Exactly as they stand, give the records below again, with no images.

Scraped caption text data =>
((

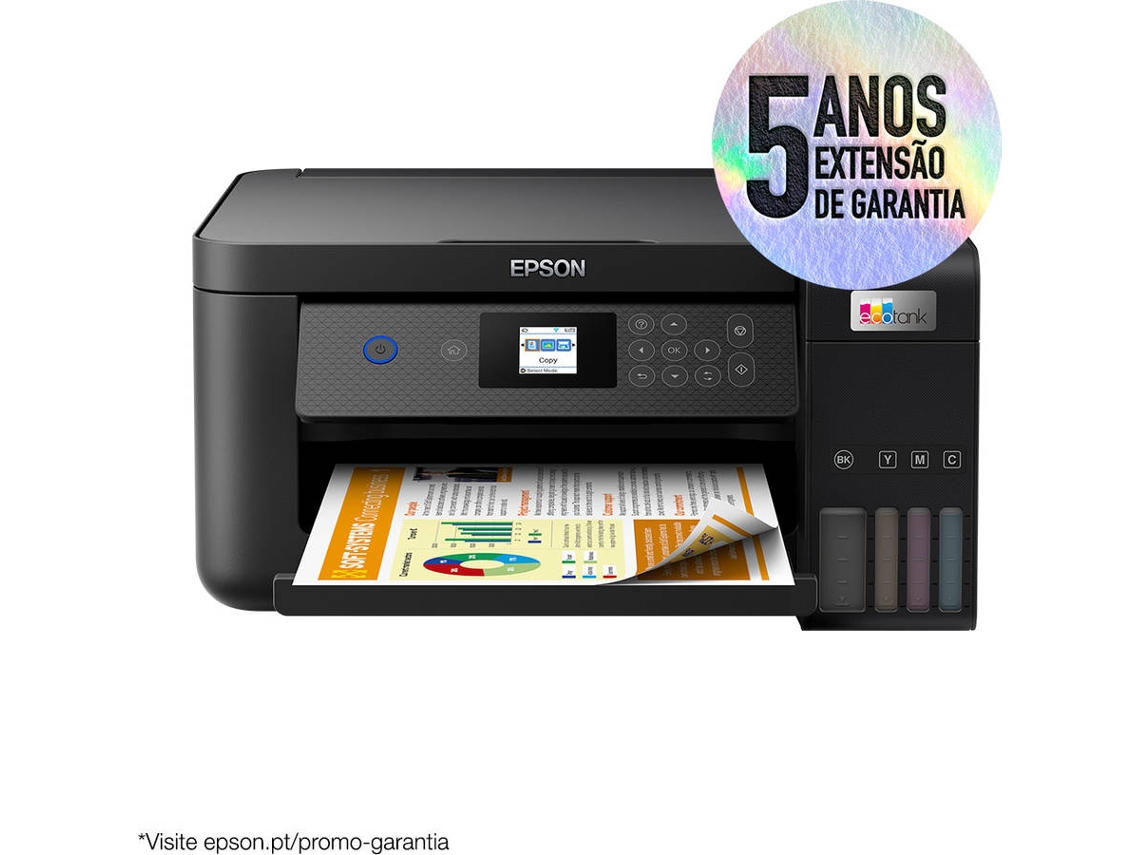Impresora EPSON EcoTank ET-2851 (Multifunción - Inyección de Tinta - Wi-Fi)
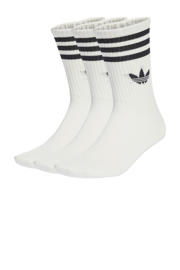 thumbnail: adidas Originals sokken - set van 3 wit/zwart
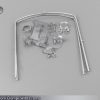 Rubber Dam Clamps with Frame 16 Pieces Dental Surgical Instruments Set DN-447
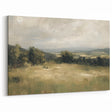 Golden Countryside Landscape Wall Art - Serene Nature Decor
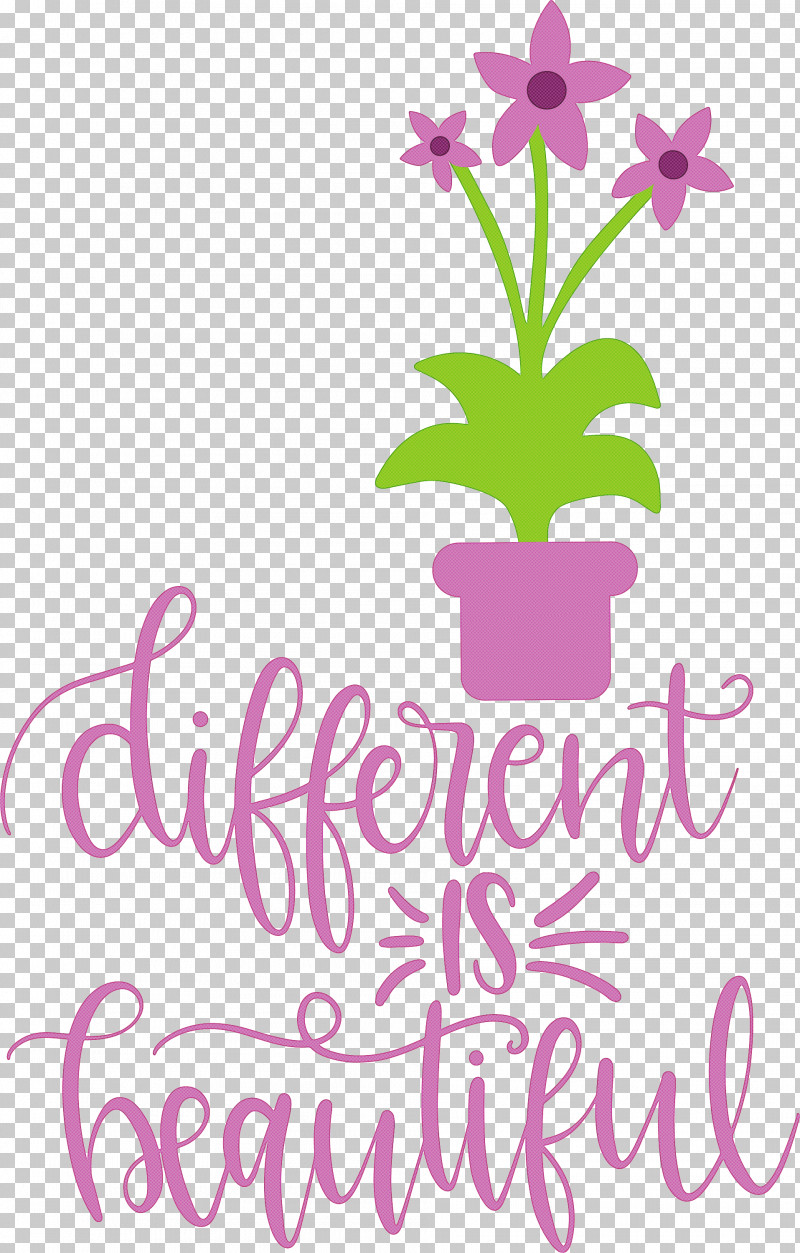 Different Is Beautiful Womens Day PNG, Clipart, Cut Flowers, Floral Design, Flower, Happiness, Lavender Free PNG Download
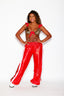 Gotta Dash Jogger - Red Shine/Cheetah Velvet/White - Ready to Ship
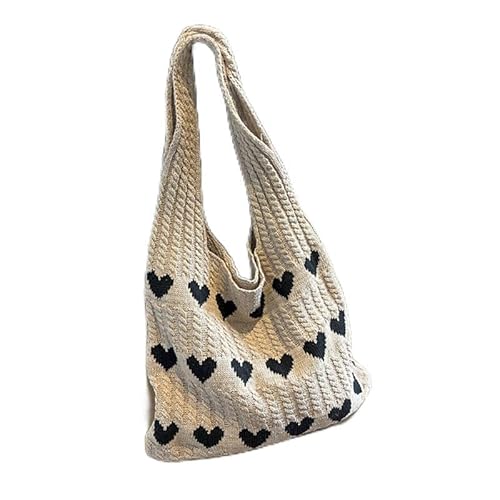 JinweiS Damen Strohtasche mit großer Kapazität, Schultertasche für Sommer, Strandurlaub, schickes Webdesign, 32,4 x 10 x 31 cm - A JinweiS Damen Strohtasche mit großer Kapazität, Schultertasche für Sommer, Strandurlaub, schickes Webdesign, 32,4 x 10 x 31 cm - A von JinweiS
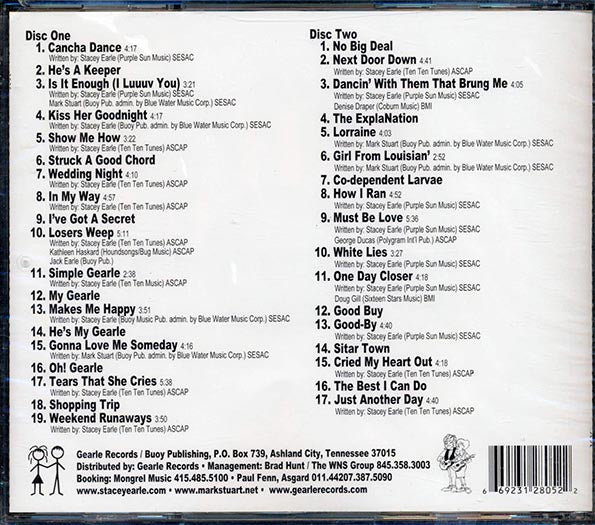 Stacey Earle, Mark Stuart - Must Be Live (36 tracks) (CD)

))

TASK RESULT =>
Impresora EPSON EcoTank ET-2851 (Multifunción - Inyección de Tinta - Wi-Fi)
 thumbnail: adidas Originals sokken - set van 3 wit/zwart
 Rubber Dam Clamps with Frame 16 Pieces Dental Surgical Instruments Set DN-447
 Golden Countryside Landscape Wall Art - Serene Nature Decor
 Different Is Beautiful Womens Day PNG, Clipart, Cut Flowers, Floral Design, Flower, Happiness, Lavender Free PNG Download
 Gotta Dash Jogger - Red Shine/Cheetah Velvet/White - Ready to Ship
 JinweiS Damen Strohtasche mit großer Kapazität, Schultertasche für Sommer, Strandurlaub, schickes Webdesign, 32,4 x 10 x 31 cm - A JinweiS Damen Strohtasche mit großer Kapazität, Schultertasche für Sommer, Strandurlaub, schickes Webdesign, 32,4 x 10 x 31 cm - A von JinweiS
 Stacey Earle, Mark Stuart - Must Be Live (36 tracks) (CD)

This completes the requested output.